Monday, 1 March 2010

Chapter Two

That was, as I’ve said, a couple of years back. Kevin is still my best friend and is doing brilliant at school: sports and all the writing stuff he needs. Me? Well, I get by I suppose. Always hand in my work on time, well, mostly, and get fair to good grades. But I never excel like Kevin does and I was never in the top stream for anything. The only thing I can do better that Kevin is ride my bike faster than him, especially up hills. You see, Kevin is a little too big and heavy for humping his weight up hill, whereas I’m dead skinny so find it easier to defy gravity. And that’ the only time I ever get in front of him. Kevin seemed to grow even larger and I seemed to stay the same size. Dad told me not to worry and always said the same thing, “there’s good stuff in small packages”. I think I knew what he meant and it helped me a bit.

Dad still had the job with the do it yourself company and with a bit more money coming in, and a generous staff discount, had begun to smarten the flat out if its pokiness. Even Kev was impressed by the my room with all its new fittings, a pine wardrobe and bunk bed so that he could sleep over. Kev’s sisters had both finished university, one had a job in a bank and other had started teacher training.

Where I lived though, had, in the few years since we met, got really rough. Not that I didn’t feel safe, I know most of the kids and Kev, well, he feared nobody. It’s just that bad things started to happen. Lots of the flats Dad said, were squatted, so the new occupants didn’t pay rent. When the council evicted them they smashed up the flat out of spite. Stupid if you ask me.

Lots of guys at school began to bunk off and the older kids I knew to talk to didn’t seem to work: though they were never short of cash. To make things worse I lost my paper round when Eddie decided to go back home to Ireland, saying it was safer there than in “these mean streets”. Mrs. Gilpin was upset at me losing the little job, but Dad told me not to worry about it, even though the extra cash it brought in was useful.

The local newspaper was full of stories about drugs, gangs and crime amongst young people. Me and Kev avoided all these things but that’s not to say we knew nothing about it because we did: the guys who sold them, the users, and the kids who were getting hooked. We saw the kids under the blocks of flats, dark hidden corners smelling of sick and oil where the tenants were supposed to park their cars. Only a fool would do that ‘cos they’d be vandalised and smashed mighty quick. Kevin started to avoid even jogging past those places, and me, with my paper round gone, didn’t have to bother. Even though I could use them as a short cut on my bike I wouldn’t any more. Guess we knew all of these things from a distance.
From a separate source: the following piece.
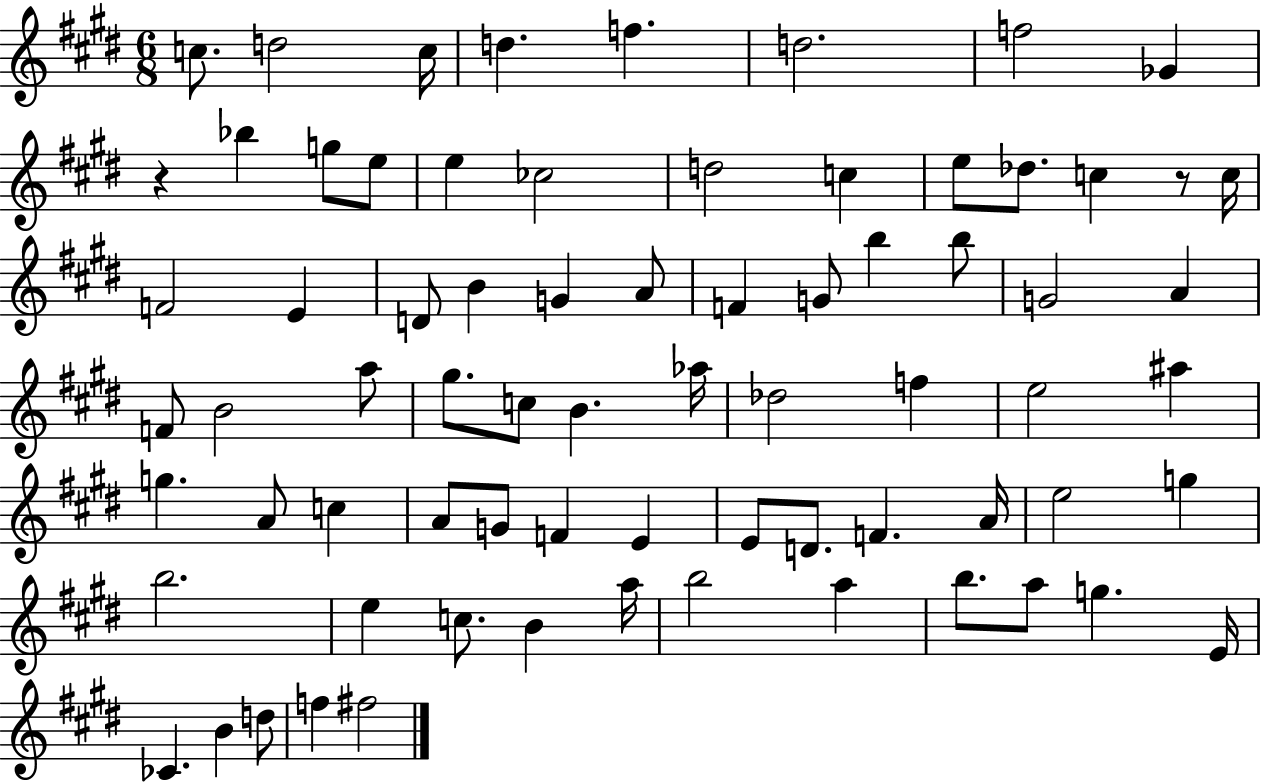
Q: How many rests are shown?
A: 2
But one night Kevin got into trouble with the police and that changed everything.
Kev had spent the evening around my place helping me understand some maths I just couldn’t get the hang of.
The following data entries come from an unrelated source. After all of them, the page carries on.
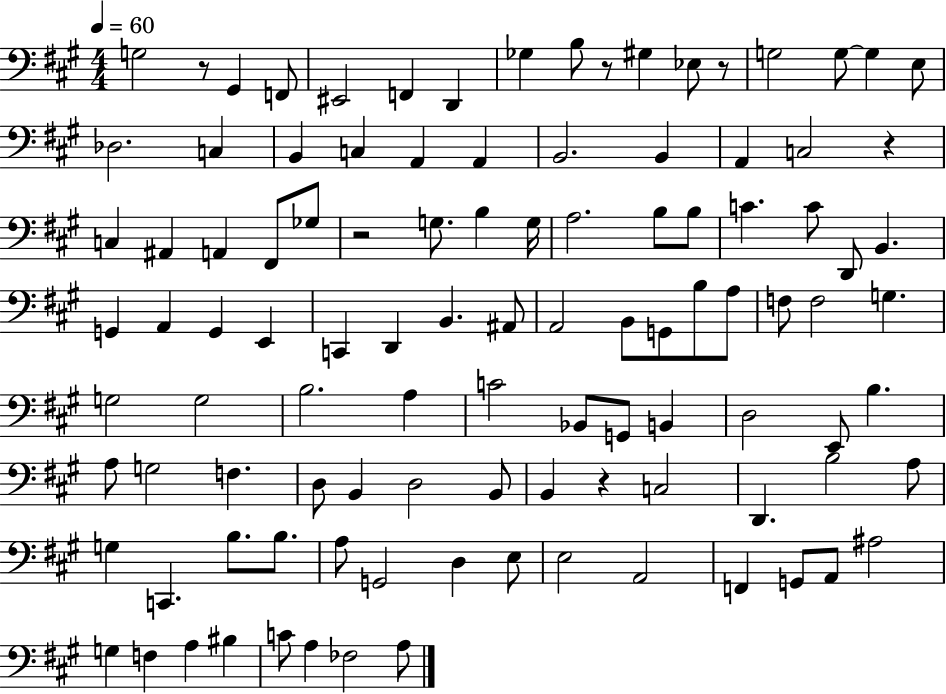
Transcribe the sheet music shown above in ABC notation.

X:1
T:Untitled
M:4/4
L:1/4
K:A
G,2 z/2 ^G,, F,,/2 ^E,,2 F,, D,, _G, B,/2 z/2 ^G, _E,/2 z/2 G,2 G,/2 G, E,/2 _D,2 C, B,, C, A,, A,, B,,2 B,, A,, C,2 z C, ^A,, A,, ^F,,/2 _G,/2 z2 G,/2 B, G,/4 A,2 B,/2 B,/2 C C/2 D,,/2 B,, G,, A,, G,, E,, C,, D,, B,, ^A,,/2 A,,2 B,,/2 G,,/2 B,/2 A,/2 F,/2 F,2 G, G,2 G,2 B,2 A, C2 _B,,/2 G,,/2 B,, D,2 E,,/2 B, A,/2 G,2 F, D,/2 B,, D,2 B,,/2 B,, z C,2 D,, B,2 A,/2 G, C,, B,/2 B,/2 A,/2 G,,2 D, E,/2 E,2 A,,2 F,, G,,/2 A,,/2 ^A,2 G, F, A, ^B, C/2 A, _F,2 A,/2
“Look Billy”, he said to me, “maths is about following rules. I don’t know why it works, but it just does. All you need to do is know the right rules to work out the problems”.
But I couldn’t understand how Kev worked out the area of a circle and then a cylinder.

“And who’s this bloke Pye”, I kept asking.
“It’s a rule, like crossing the road, looking right and then left, only it’s to do with numbers”.

We went through it a dozen times, and like I’ve said, Kev was good at everything, and I still couldn’t really understand it. Though I was getting there, I kept trying to convince myself, I couldn’t understand fitting square meters into circles: didn’t make sense to me.

“Imagine the squares are made from rubber”, Kev said, “that can go into any shape; triangles, cylinders and circles, and then bounce back again to squares. It’s still the same area”, he said, “no matter the shape. Look Billy, think about it”.

The only thing I was thinking about then was to give my mind a break. We had a coffee, listened to some music and Kev began to talk about our holiday idea cycling in Wales. I’d get the better of him there, I secretly thought to myself.

When Kev decided to leave he wheeled his bike out the flat and rode it along the corridor and that was that. He left about 9.30, just as it was getting dark and because he’d no lights, decided to take some short cuts.